Why are we doing this?
Some algorithms are able to learn by themselves, finding patterns in big data sets and predicting the outcome of new events. Autonomous systems are being built to take on tasks independently.
Governments, companies and public services are increasingly using algorithms to help them make decisions. There is hope that machines could help solve some of the most difficult of humanity’s issues. But algorithms are not free of the problems that plague human decision-making, and they even add some more problems of their own.

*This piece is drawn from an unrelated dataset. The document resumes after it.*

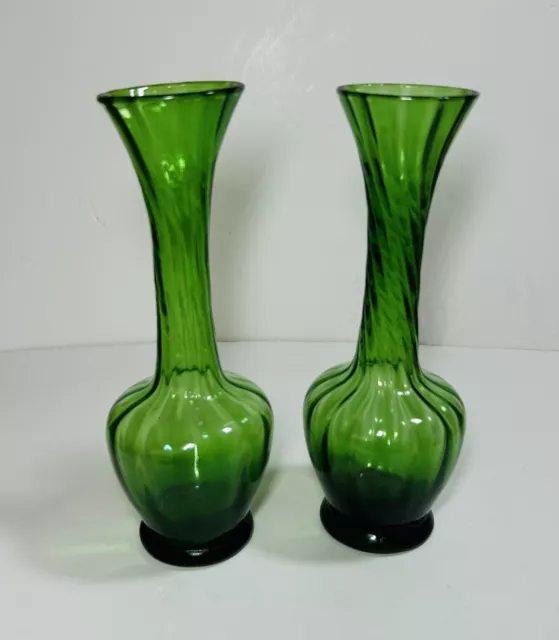 Pair Of Vintage retro Mid Century Green Glass Bud Vases 21cm High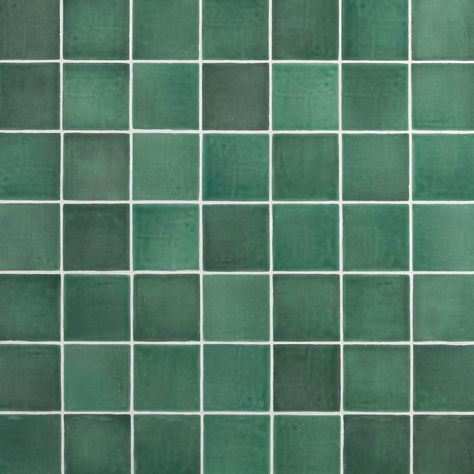 Villa | Zellige Verde Glossy Ceramic Tile, 5 x 5, Green, 1/3 inch Thick - Floor & Decor Floor To Ceiling Tile Kitchen, Green Tiles Texture, Green Square Tile, Green Ceramic Tile, Green Mosaic Tile, Penny Mosaic, Glossy Ceramic Tile, Green Tiles, Rent House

Nesta hopes to highlight the opportunities of creating automated systems as well as the risks of reducing our complex world to a series of computable steps. By engaging directly with those at the cutting edge of machine-supported decisions, Nesta hopes to become a champion of best practices that are both responsible and profitable.
What are we doing?
Nesta’s research in this area started with commentary on examples of automated systems like self-driving cars or drones. It also includes some work on automation and employment, particularly as it affects creative occupations and the future of employment in the creative economy.
Machine learning processes allow higher levels of automation and processes free from human intervention. Several of our Hot Topics events have covered the use of machine learning algorithms, particularly the Sounding the Cyber Security Alarm and Machines that learn in the Wild in 2015. The Machines that learn in the Wild report looked at different kinds of learning algorithm and their uses so far.
As more and more organisations invest in or investigate these opportunities, Nesta is also looking at the ramifications of widespread algorithmic reasoning. The UK Government is already thinking about how it can support the ethical use of data science internally. But there are still a lot of unanswered questions as machines continue to make more important decisions. Understanding who is responsible when something goes wrong or what the societal impact of these decisions will be are hugely complex issues. The shadow of the smart machine - a workshop and series of blogs in 2016 - kicked off Nesta’s work looking at these issues.